In the United States, the possession and sale of psychedelic and hallucinogenic products are illegal under federal, state, and local laws and regulations. Many psychedelic substances, such as psilocybin, are strictly controlled under the CSA as Schedule I substances. The CSA and its implementing regulations establish a "closed system" of regulations for controlled substances. The CSA imposes registration, security, recordkeeping and reporting, storage, manufacturing, distribution, importation and other requirements under the oversight of the DEA. The DEA is responsible for regulating controlled substances, and requires those individuals or entities that manufacture, import, export, distribute, research, or dispense controlled substances to comply with the regulatory requirements in order to prevent the diversion of controlled substances to illicit channels of commerce.

Facilities that research, manufacture, distribute, import or export any controlled substance must register annually with the DEA. The DEA registration is specific to the particular location, activity(ies) and controlled substance schedule(s). For example, separate registrations are needed for import and manufacturing, and each registration will specify which schedules of controlled substances are authorized.

The DEA inspects all manufacturing facilities to review security, recordkeeping, reporting and handling prior to issuing a controlled substance registration. The specific security requirements vary by the type of business activity and the schedule and quantity of controlled substances handled. The most stringent requirements apply to manufacturers of Schedule I and Schedule II substances. Required security measures commonly include background checks on employees and physical control of controlled substances through storage in approved vaults, safes and cages, and through use of alarm systems and surveillance cameras. Once registered, manufacturing facilities must maintain records documenting the manufacture, receipt and distribution of all controlled substances. Manufacturers must submit periodic reports to the DEA of the distribution of Schedule I and II controlled substances, Schedule III narcotic substances, and other designated substances. Registrants must also report any controlled substance thefts or significant losses, and must obtain authorization to destroy or dispose of controlled substances. Imports of Schedule I and II controlled substances for commercial purposes are generally restricted to substances not already available from a domestic supplier or where there is not adequate competition among domestic suppliers. In addition to an importer or exporter registration, importers and exporters must obtain a permit for every import or export of a Schedule I and II substance or Schedule III, IV and V narcotic, and submit import or export declarations for Schedule III, IV and V non-narcotics.

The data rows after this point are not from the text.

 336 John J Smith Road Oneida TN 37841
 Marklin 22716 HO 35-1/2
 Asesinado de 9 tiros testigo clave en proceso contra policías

For drugs manufactured in the United States, the DEA establishes annually an aggregate quota for the amount of substances within Schedules I and II that may be manufactured or produced in the United States based on the DEA's estimate of the quantity needed to meet legitimate medical, scientific, research and industrial needs. The quotas apply equally to the manufacturing of the active pharmaceutical ingredient and production of dosage forms. The DEA may adjust aggregate production quotas a few times per year, and individual manufacturing or procurement quotas from time to time during the year, although the DEA has substantial discretion in whether or not to make such adjustments for individual companies.

Individual U.S. states also establish and maintain separate controlled substance laws and regulations, including licensing, recordkeeping, security, distribution, and dispensing requirements. State authorities, including boards of pharmacy, regulate use of controlled substances in each state. Failure to maintain compliance with applicable requirements, particularly as manifested in the loss or diversion of controlled substances, can result in enforcement action that could have a material adverse effect on the Company's business, operations and financial condition. The DEA may seek civil penalties, refuse to renew necessary registrations, or initiate proceedings to revoke those registrations. In certain circumstances, violations could lead to criminal prosecution.